When our little ones helped around the house or helped take care of a sibling or became competent at cleaning up a whole kitchen after a Bible study dinner, they would earn the right to stay up later or have a movie night with their own friends, since they had been faithful to serve us.
And so our paradigm worked through our educational philosophy--expose them to life, work, great thinkers, writers, artists, host great discussions at the dinner table and trust the Holy Spirit to give them a love for learning, an excellence in character, abilities to excel in their work, keep chores going. And communicate this confidence you have in them--and a faith in God to use a normal home in which to cultivate genius, compassion, vision as He has used homes for all of history. And then watch God work-- a release of His power in our home, and us seeking to celebrate life in the midst of whatever a day brings our way--seeing this day as the training grounds God uses to prepare our children for adulthood and leaving the rest in His hands--freedom to live by our limitations by faith and watching God do amazing things.

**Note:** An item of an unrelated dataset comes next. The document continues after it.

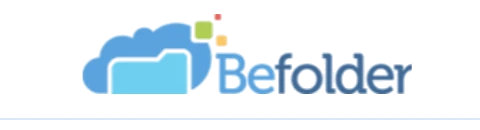 Logo de BeFolder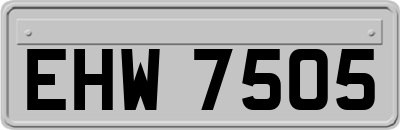 EHW7505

And for us, it worked--this God-filled, living, loving, life-style. Wonderful, vibrant, loving children who are passionate and pursuing life--not perfect, but growing and maturing each day and able to grapple in the world as it comes to them.
Jesus's desire was to use normal people to be responsible for His kingdom work. He entrusted the Great Commission into the hands of unsophisticated fishermen, normal men, while knowing they would not be perfect or always wise--He trusted the Holy Spirit in their lives to be able to lead them. The glory of God is resting in normal men to accomplish the supernatural through the natural. He who resides in us uses us as a vessel of His greatness and excellence.
This living of faith brings so much more freedom, so much more joy, the ability to imagine that we really can handle the issues that today brings, because He is here to help, guide and provide--He has not given us more to do than we can do--we can rest in His will every day and know that in faith, what we have to give will be enough. May His grace and peace cover us this day.